The first recorded instance of pest control dates from around 2500BC when the Sumerians used sulphur to control insects. In 1000BC Homer, the Greek poet, also described its use for getting rid of house pests and much later the Romans used sulphur to protect their crops from pests.
There was very little knowledge about the best (most effective) means of pest control. Most methods used at the time were generally based on hearsay or superstition – people believed pests were evil and sent as a punishment from God.
In 1200BC China, Predatory ants, were used to protect citrus groves from caterpillars and wood boring beetles. It is said that ropes or bamboo sticks were tied between adjacent branches, to provide the ants with easy access from one plant to the next.
In 440BC Ancient Egypt, fishing nets were used to cover beds and homes at night as protection from mosquitoes and for crop protection, lines of human drovers were organised to repel swarms of locusts.
Pythagorus, the Greek philosopher and mathematician, was credited with clearing malaria from a Sicilian town during the 6th century B.C. by instructing its residents to drain the marshes (standing water is ideal breeding site for mosquitoes!).
For a long time people only had natural control methods at their disposal to repel pests.
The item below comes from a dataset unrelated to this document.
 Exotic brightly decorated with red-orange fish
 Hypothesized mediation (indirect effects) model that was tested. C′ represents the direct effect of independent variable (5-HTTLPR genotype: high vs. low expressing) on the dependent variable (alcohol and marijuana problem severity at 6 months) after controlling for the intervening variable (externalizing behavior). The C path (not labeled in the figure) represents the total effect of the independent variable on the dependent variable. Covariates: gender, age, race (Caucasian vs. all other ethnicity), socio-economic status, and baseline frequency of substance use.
In 70AD, Pliny the Elder, wrote Natural History in which he advocated the use of natural chemicals for insect control. These included the use of mint (Mentha pulegium) spread over floors in houses to control fleas, and the use of wormwood (Artimesia absinthium L.) in a dried or powder form to repel moths and fleas.
A less conventional approach was taken during 1320, when the cockchafers (as a species) were taken to court in Avignon where they were ordered to leave town and relocate to a specially designated area, or be outlawed. All cockchafers who failed to comply were collected and killed.
In the early 1700’s Franz Ernst Brückmann, a German physician, designed the first mechanical traps for various insects, including flea traps. Apparently, flea traps became quite the fashion accessory due to their ornate design often crafted from ivory or silver.
Later, thanks to the work of the Swedish botanist and taxonomist Carolus Linnaeus in 1758, who catalogued and named many pests, the interest in pests really took off.
As the intensity and the scale of agricultural farming increased, so too did the need and reliance on effective pest control to protect crops and yet it wasn’t until the 20th century that pest control began to emerge as a credible and highly valued profession.
In 1921 the first crop-spraying aeroplane was employed and in 1962 flying insect control was revolutionized when Insect-o-cutor started selling fly killer machines using ultra violet lamps.
Today, pest control remains as important in protecting our crops, homes and businesses as ever. As our years of experience, knowledge and understanding of pests increase, so do our pest control treatments and products. In many ways, modern pest control advocates pest prevention as the best form of pest control, as the old saying goes “Prevention is better then cure”.